Through the Looking Glass

Ed shows how to use HP Solve's SIGMA( ), L( ), and G( ) functions to perform Numeric Integration to analyze the normal probability distribution function.

By Ed Keefe

A problem that's out of this world

The star-date is 3481. The place is the star-ship Enterprise with Captain James Kirk in command.

The voice of the chief engineer comes over the comm system. "Cap'n, the warp drive is goin' down ag'in. We rrreally need ta 'lign the dilithium crystals." Kirk replies, "How long will it take this time, Mr. Scott?" There's a pause and Scotty finally replies, "It'll take at least four hours, Cap'n."

Kirk responds, "That's too long, Mr. Scott. We need to be at warp 7 within three hours if we're going to make it to Starbase 17 in time." Scotty moans, "Ah dinna think we kin do it, Cap'n." Kirk looks over his shoulder at his science officer, Mr. Spock, and, without having to ask, gets the answer, "If Mr. Scott would start work in the next 5 minutes, there's a 95 percent probability that he can make the repairs in 3 hours."

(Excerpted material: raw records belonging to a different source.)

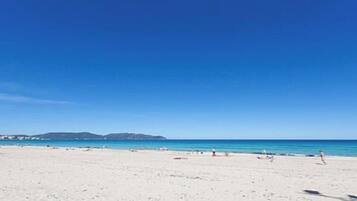 Una spiaggia nelle vicinanze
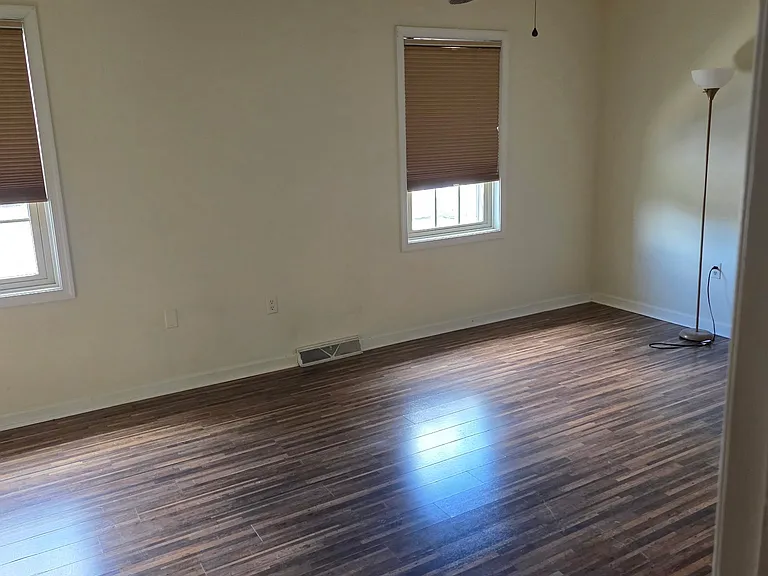 114 Millview Ct — Photo 13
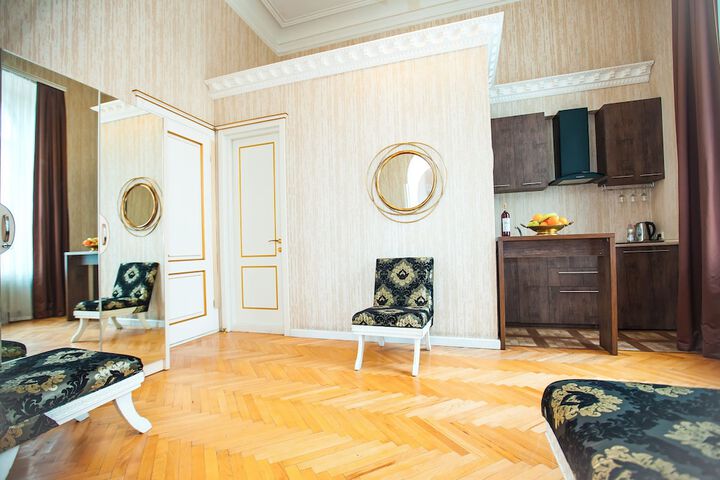 Room 53 of 91
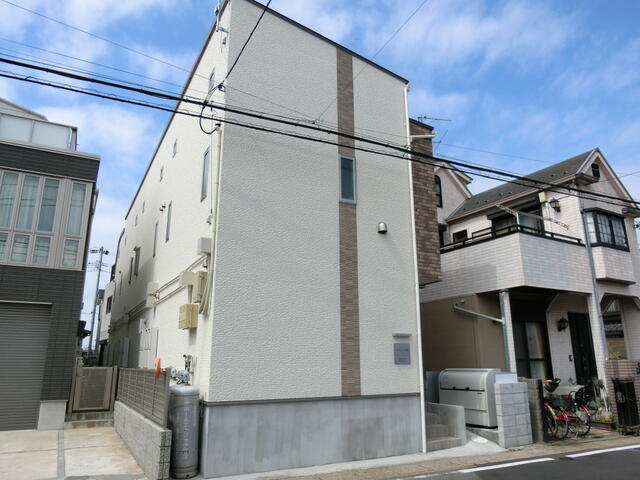 ハーモニーテラス湊新田の外観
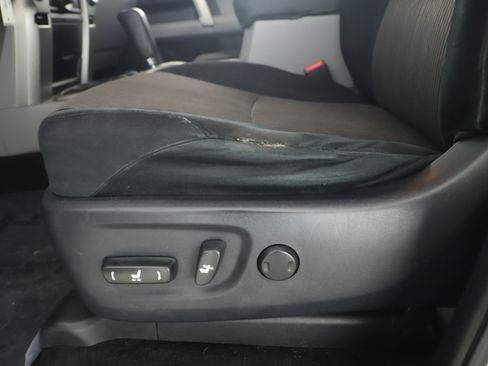 Used 2010 Toyota 4Runner SR5 image 10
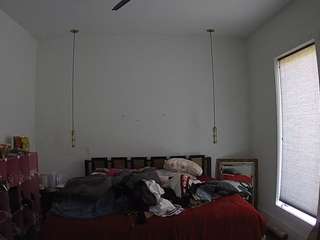 voyeurcam-lacemelacey-01
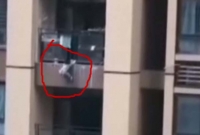 রাখে আল্লাহ মারে কে; ৬ তলা থেকে পড়েও যেভাবে প্রাণে বাঁচল ছোট্ট শিশুটি!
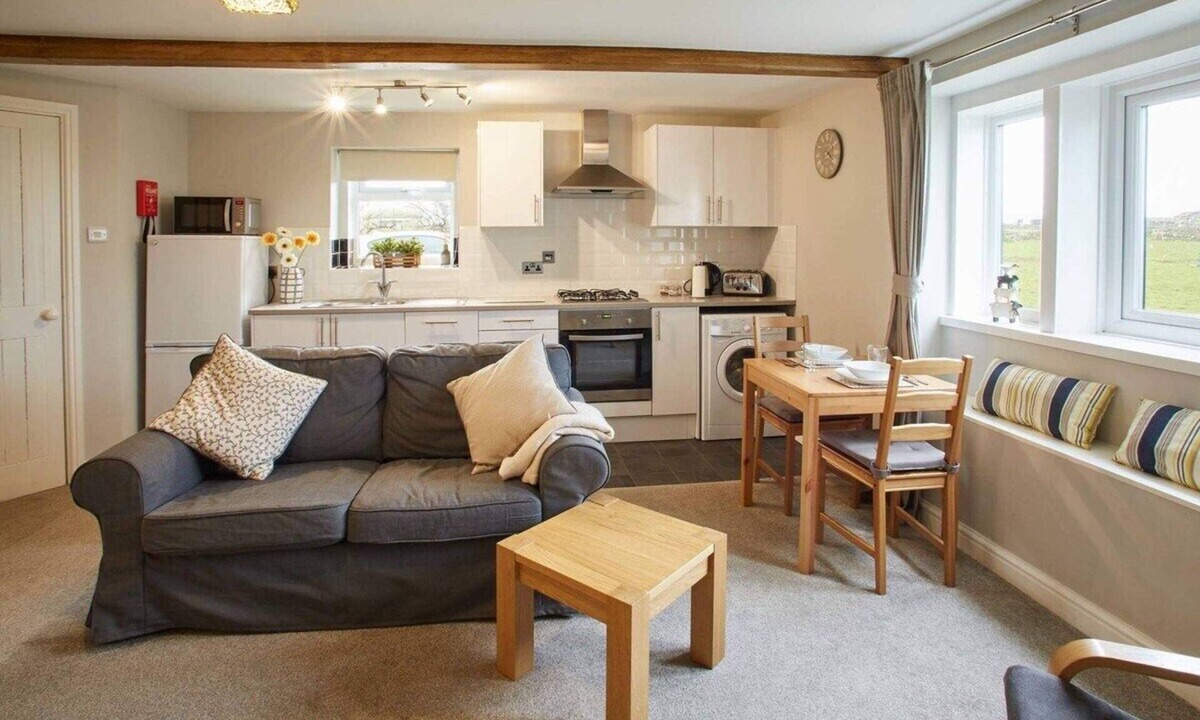 Flockton House | Host & Stay | Cosy Cottage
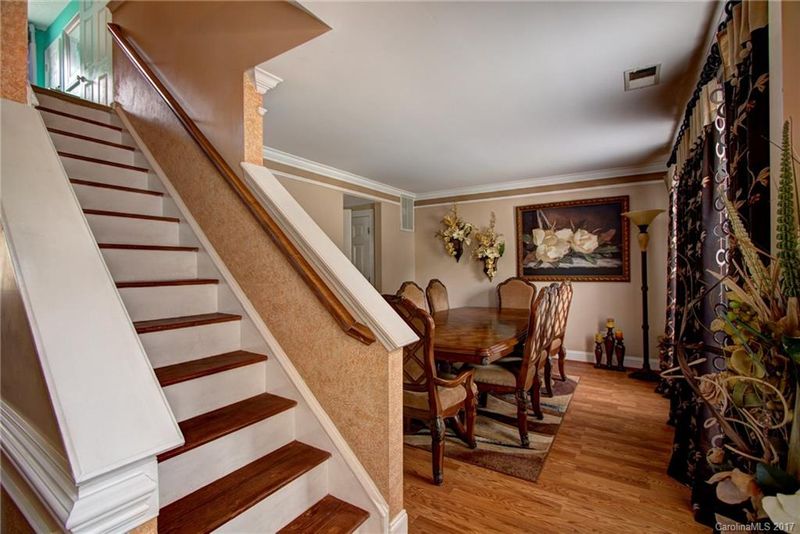 10031 Dunfries Rd, Matthews, NC 28105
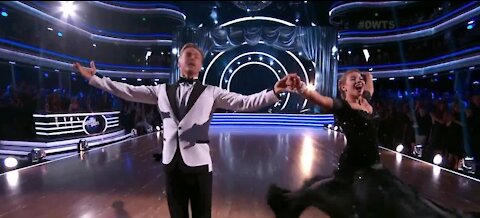 Derek Hough joins Dancing with the Stars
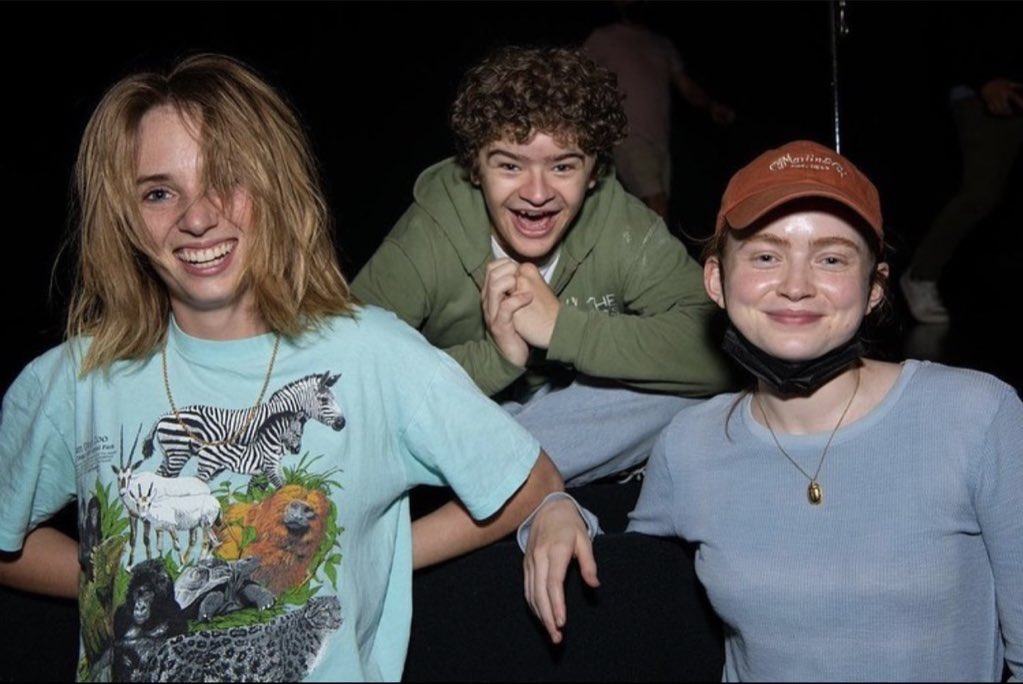 Maya Hawke & Sadie Sink Support Gaten Matarazzo In His Dear Evan Hansen ...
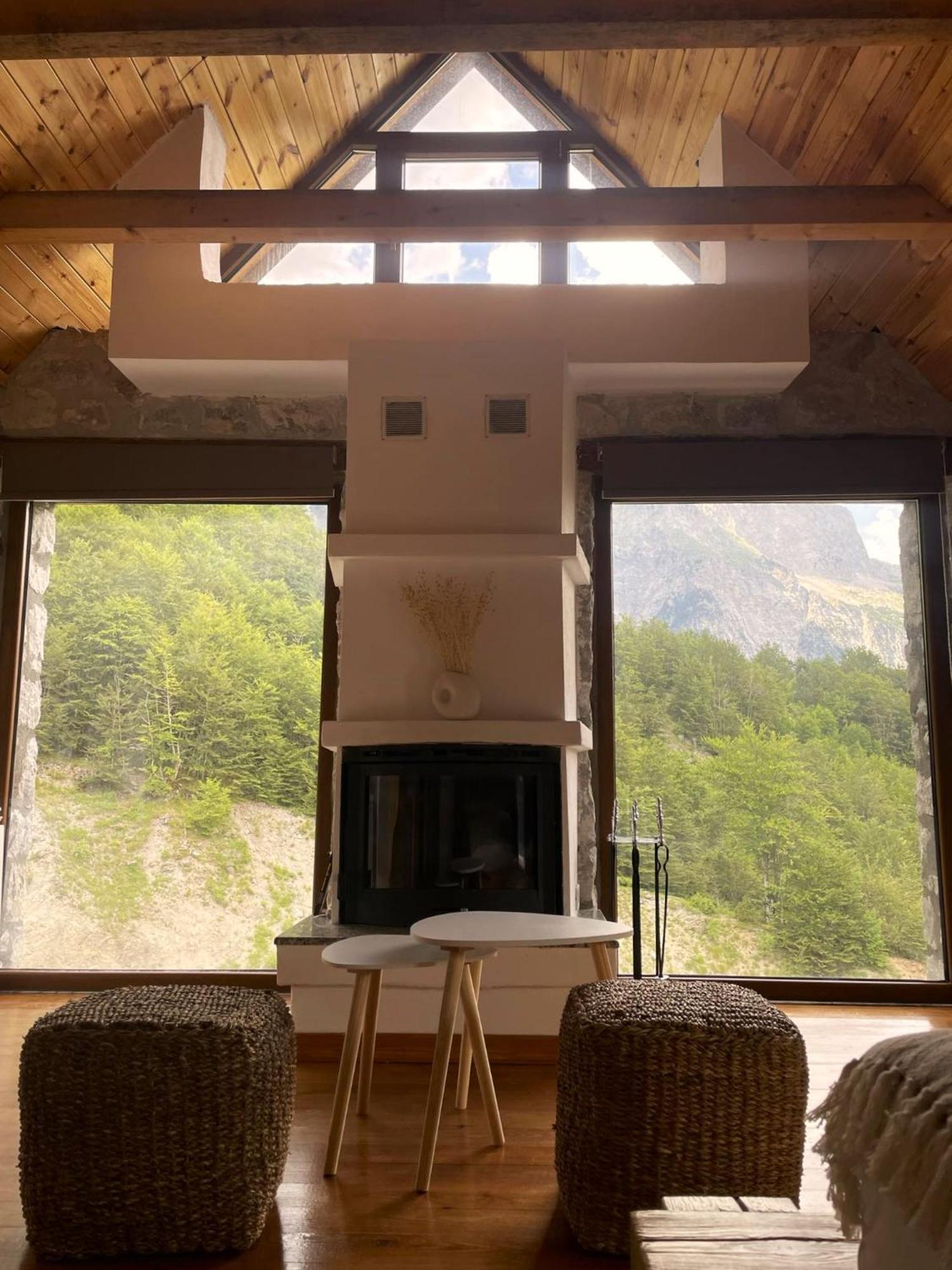 Valter & Drita'S Guesthouse 세스 외부 사진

Captain Kirk then tells his chief engineer, "I know you can do it, Scotty. Make it three hours and not a minute more." The question is, how did Spock know that? What's the secret to his amazing ability to "predict" how long it will take Scotty to realign the dilithium crystals? Could you do something similar?

The answers are "Yes." All it takes is some knowledge of statistical inference and a calculator. (The calculator built into the HP Palmtop will do very nicely.)

Some background on statistics

A couple of hundred years ago, scientists gained an important insight.

Whenever they measured the same phenomenon a number of times, they got measurements that were slightly off. Whether they measured the height of a thousand ten-year-olds or the temperature of the same experiment repeated a thousand times, the same thing happened.

They could calculate an average (mean) height or temperature, but they were at a loss to explain the discrepancies between this mean and the other readings.

An example of the bell-shaped curve.

Then they noticed that the discrepancies formed a pattern. They drew a bar-graph in which the height of each bar represented the frequency with which they got the same measurement. They placed the bars along a horizontal axis that represented the different measurements. Then they drew a smooth line that connected the tops of the bars. They almost always found they had a bell-shaped curve.

Scientists jumped to the conclusion that this bell-shaped curve was a great truth that applied to all of nature. The bell-shaped curve made its way onto the pages of statistics books and, as they say, "the rest is history."

Later on, mathematicians found other more descriptive distribution curves, but the bell-shaped curve still endures as a pretty fair approximation of the way things are.

How the bell-shaped curve works

Suppose you've a fifth-grade teacher and over the years you've taken a series of over 100 measurements of the height of your students and found an average measurement. You've drawn a curve like the one above. Now you're about to take another measurement. You ask yourself, "What's the probability that the new measurement will fall somewhere between the highest and lowest measurement you've found so far. The answer is, "There's almost a 100% chance that this will happen."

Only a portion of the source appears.